_Dataset excerpt_:
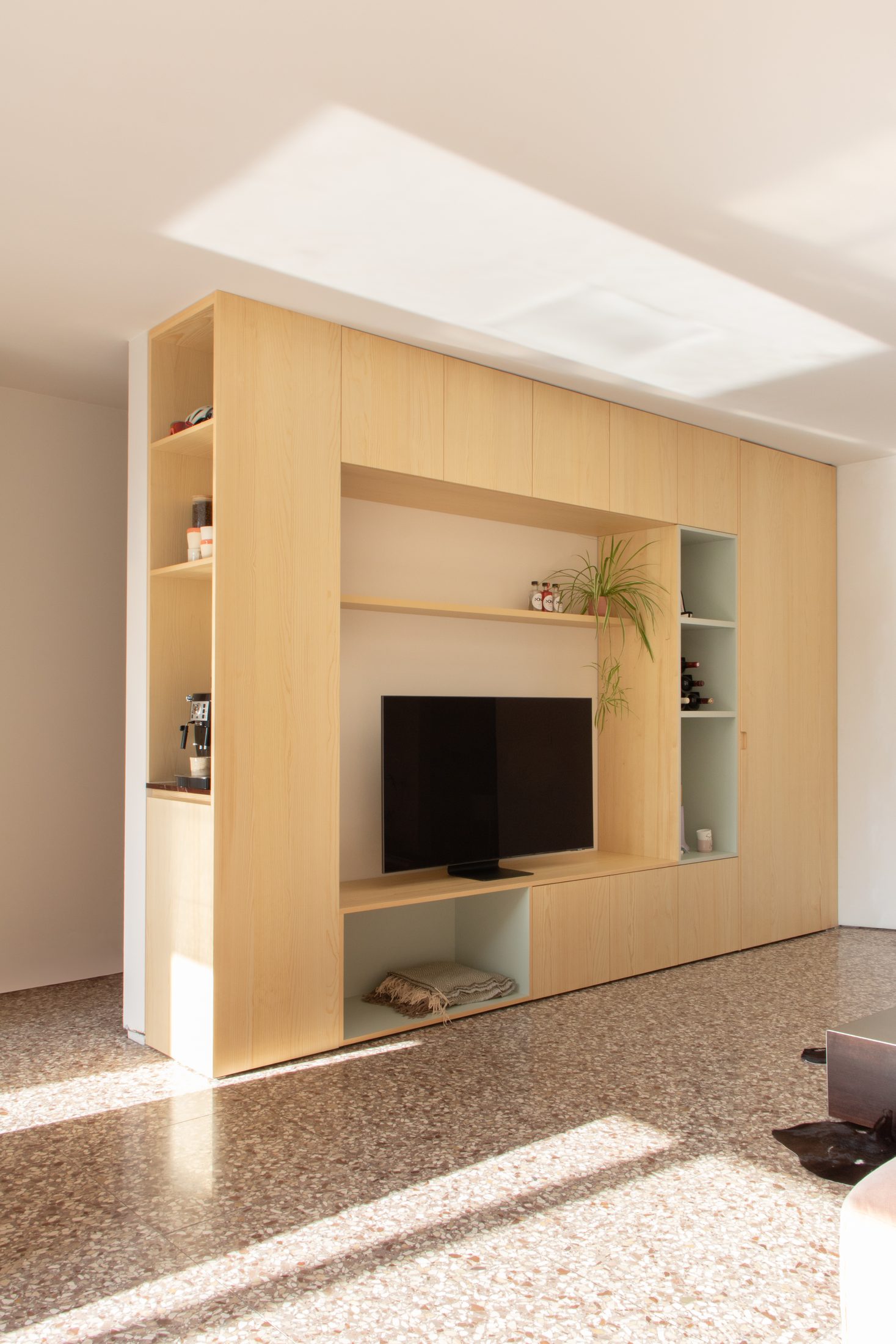 Keuken met eiland & multifunctioneel tv-meubel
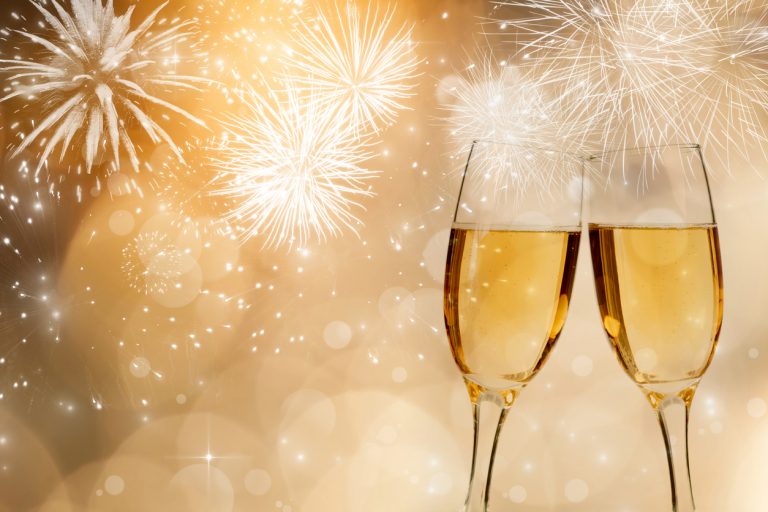 The Ultimate Cheat Sheet to a New Year’s Eve Toast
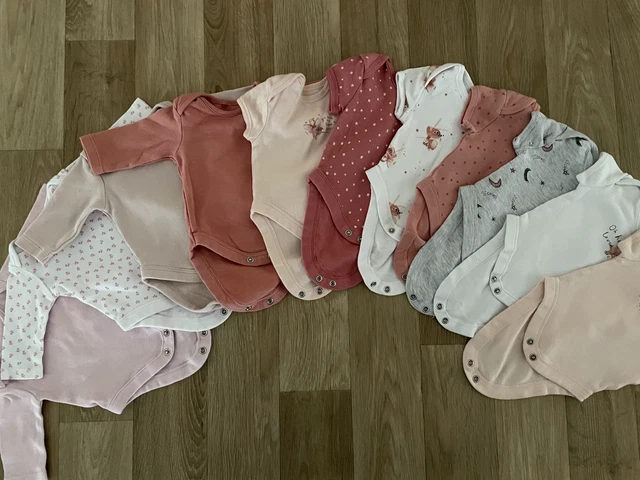 Baby Girl Newborn 1 Month First Size Bundle 11 Short & Long Sleeved Bodysuits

_Task objective_:
A verbatim copy is needed of the lines running from the line with "The Ultimate Cheat" to the end of the data above, both included. Keep the pictures out of it.

_Solution below_:
 The Ultimate Cheat Sheet to a New Year’s Eve Toast
 Baby Girl Newborn 1 Month First Size Bundle 11 Short & Long Sleeved Bodysuits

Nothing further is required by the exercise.